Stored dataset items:
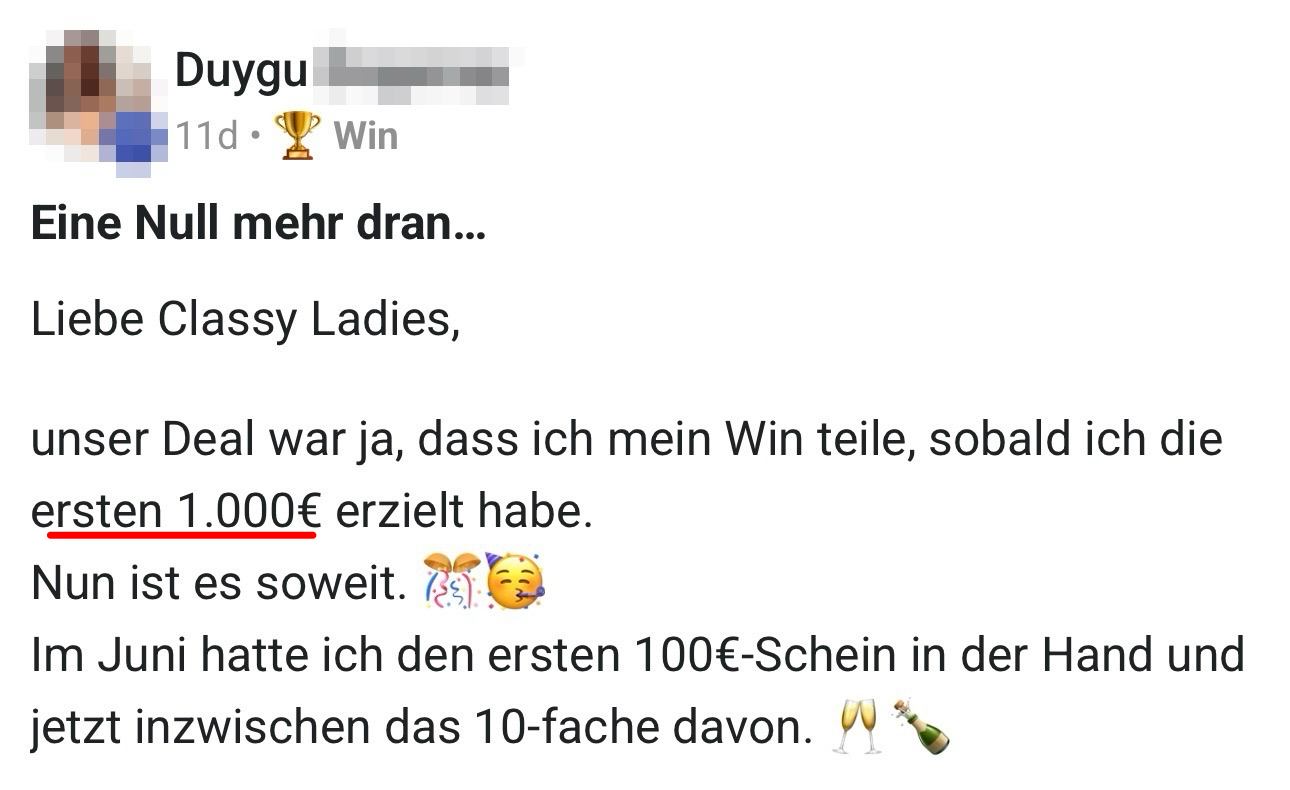Community-Ergebnis: die ersten 1.000 Euro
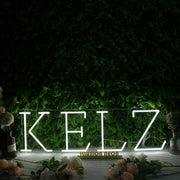 KELZ White Neon Sign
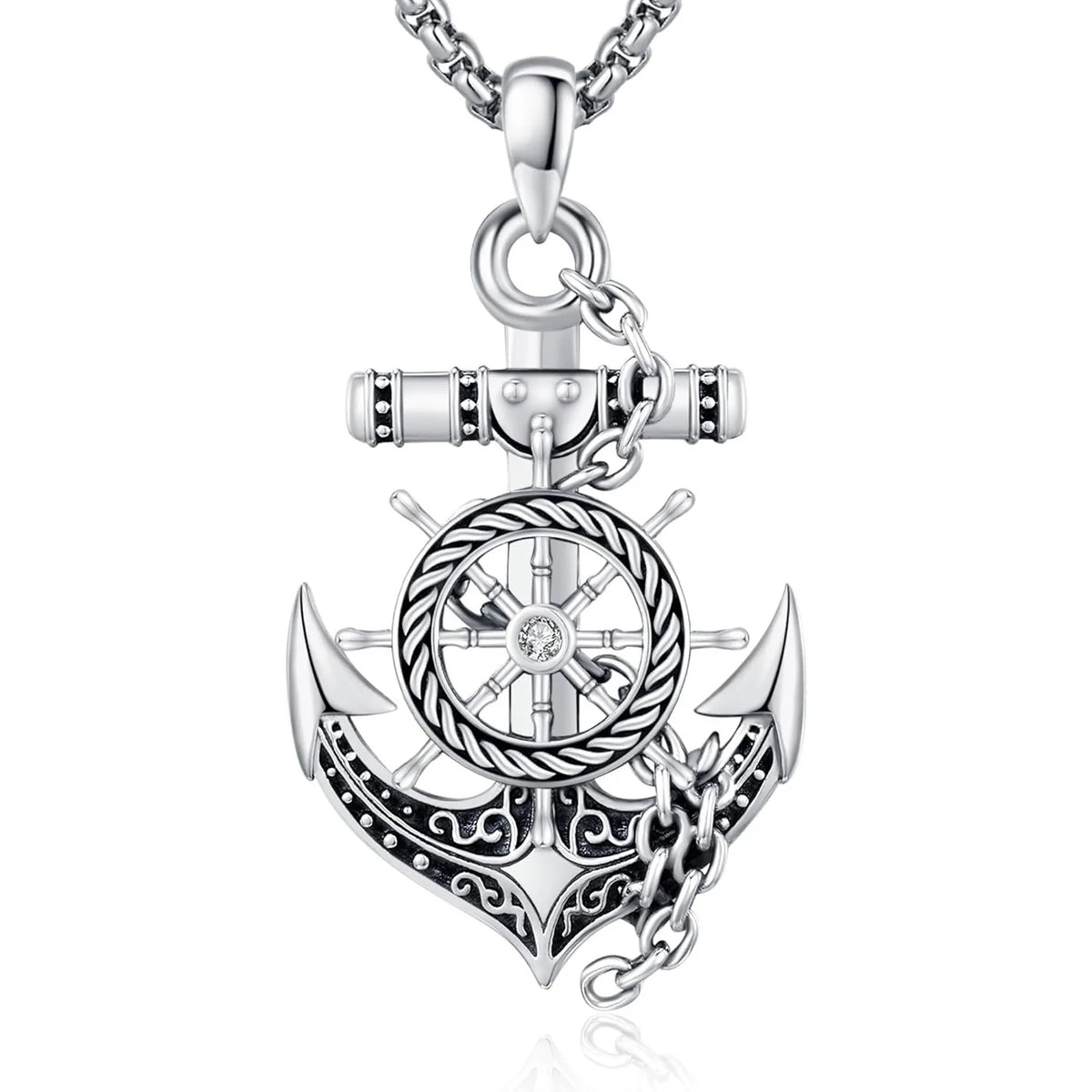 DRINSPER Sterling Silver Compass Pendant Necklace for Men and Women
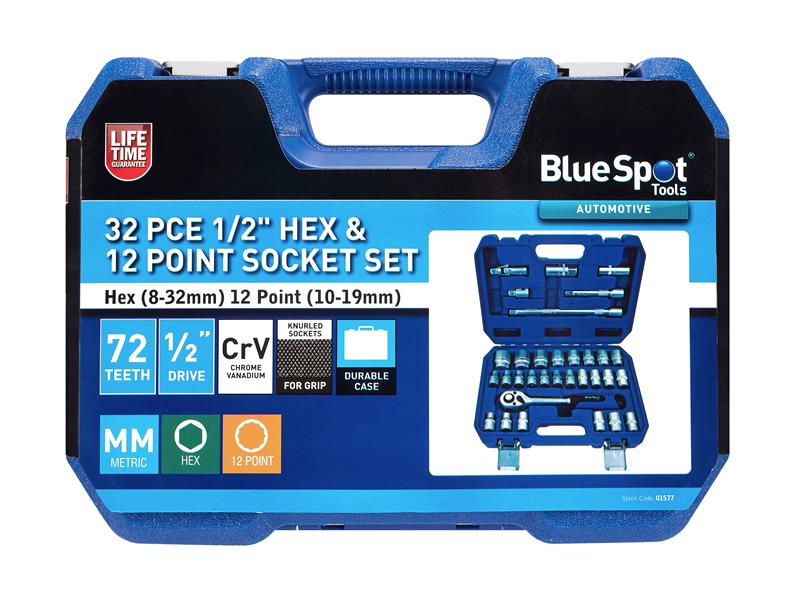 BlueSpot Tools 1/2in Hex 12 Point Socket Set, 32 Piece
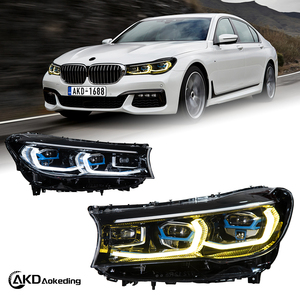 Luces Delanteras para Automóvil AKD para BMW Serie 7 G12 2016-2018, Estilo Actualizado 2022, Doble Color Amarillo y Blanco, Faros LED de Doble Color - Product Image 1
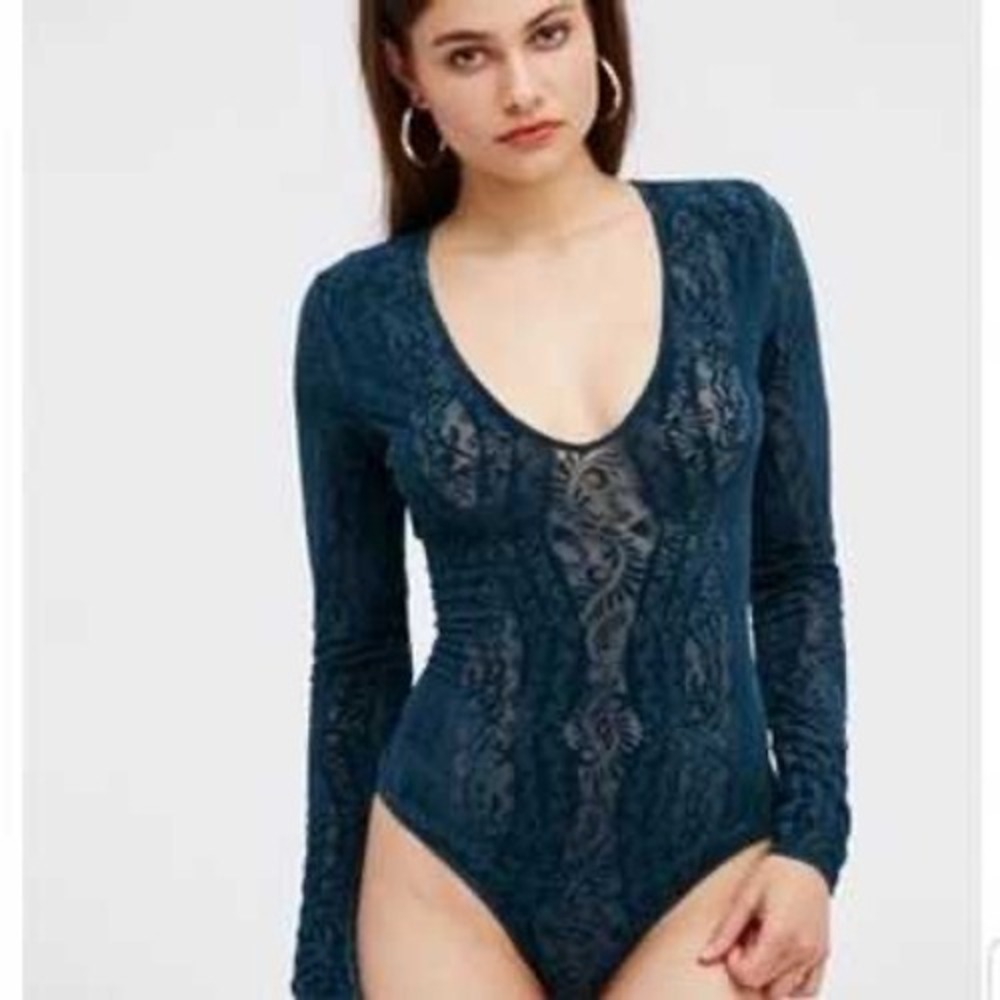 Free People Intimately Teal Burnout Velvet Damask Long Sleeve Bodysuit Medium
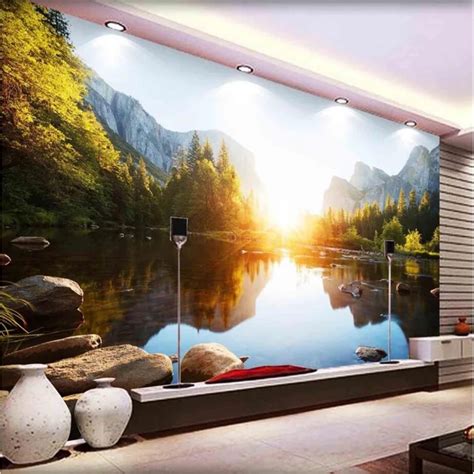 Beibehang Custom Wallpaper 3d Murals Lakes And Mountains Landscapes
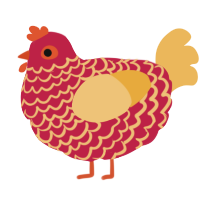 A crimson and honey chicken with a lace pattern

> [ABOUT THIS EXERCISE]:
Please copy the data shown above word for word, omitting the pictures.

> [ANSWER BOX]:
Community-Ergebnis: die ersten 1.000 Euro
 KELZ White Neon Sign
 DRINSPER Sterling Silver Compass Pendant Necklace for Men and Women
 BlueSpot Tools 1/2in Hex 12 Point Socket Set, 32 Piece
 Luces Delanteras para Automóvil AKD para BMW Serie 7 G12 2016-2018, Estilo Actualizado 2022, Doble Color Amarillo y Blanco, Faros LED de Doble Color - Product Image 1
 Free People Intimately Teal Burnout Velvet Damask Long Sleeve Bodysuit Medium
 Beibehang Custom Wallpaper 3d Murals Lakes And Mountains Landscapes
 A crimson and honey chicken with a lace pattern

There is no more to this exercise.